"If the Boomers had Woodstock," said Todd Martens in the Chicago Tribune, "Generation X had John Hughes." The director, who died last Thursday, fully understood the "isolation, awkwardness," and "general distrust of authority" that accompanies "teen angst," and he "was one to carefully sculpt mix tapes to accompany his pictures." Hughes' movies could "comfortably jump from the melodrama of The Smiths to the electro-fierceness of New Order," and "no prom from 1986 to 1994 was worth attending if it didn't feature Orchestral Manoeuvres in the Dark's 'If You Leave.'" (listen to "If You Leave")
Hughes also had a talent for "discovering new music," said Bryan Borzykowski in Metro Canada. When he included the song "Don't You Forget About Me" by "little known U.K." band Simple Minds (watch the video) in his movie The Breakfast Club, "it made waves through the music and movie communities" and "transformed Hughes from a talented director to pop culture trend-setter." It could also be argued that he was "responsible for making new wave the soundtrack to the '80s."
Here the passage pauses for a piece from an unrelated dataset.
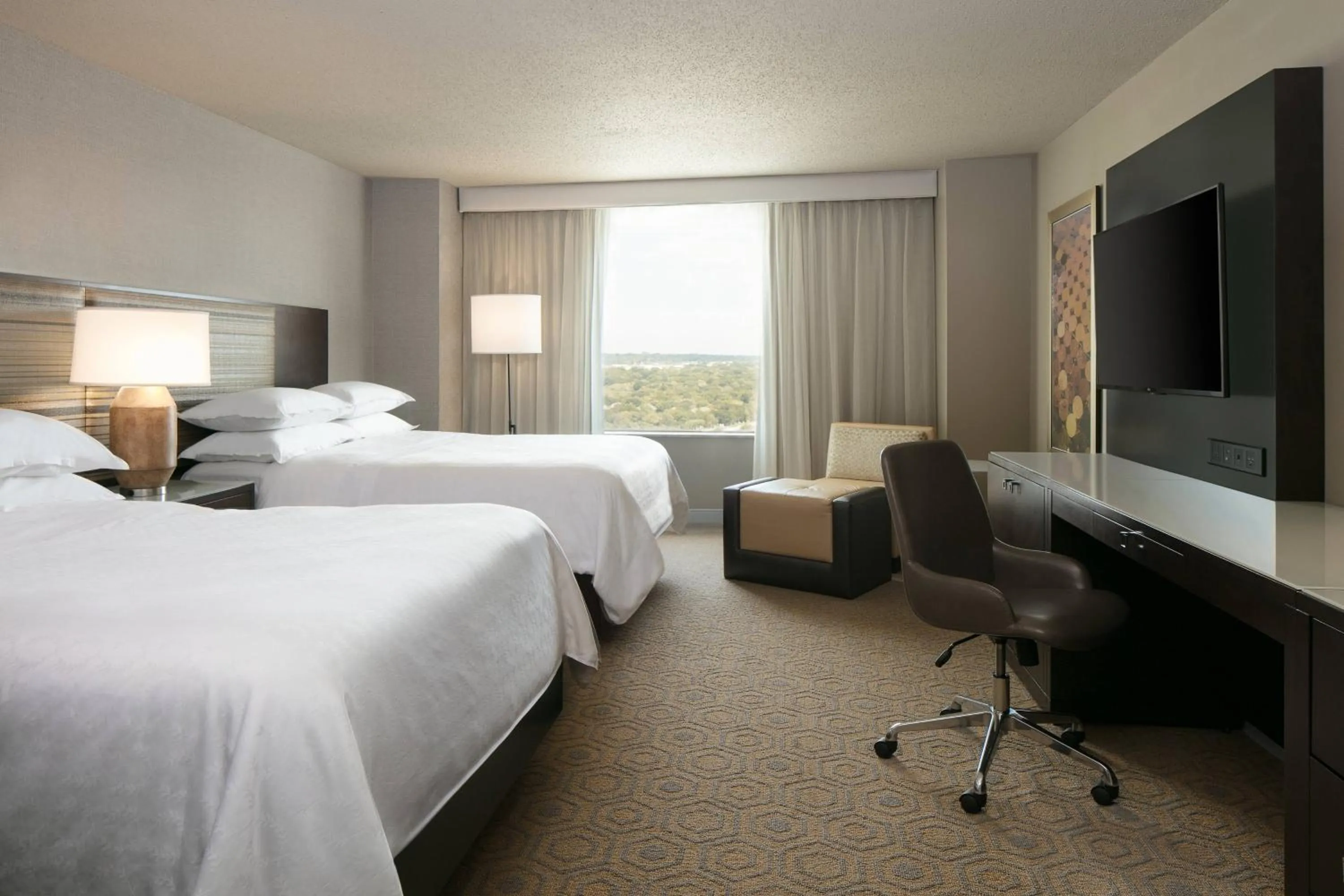 Photo of the whole room, Bed in Sheraton Overland Park Hotel at the Convention Center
"But Hughes went beyond the '80s and utilized other decades too," said Liza Woods in Examiner.com, "using artists like Marvin Gaye and Sam Cooke as well." And some of the songs he used "were just as memorable as the famous scenes they were used in." Who can forget Matthew Broderick's rendition of the Beatles' "Twist and Shout" at the end of Ferris Bueller's Day Off? (watch) John Hughes may be gone, but he left the world many "gifts."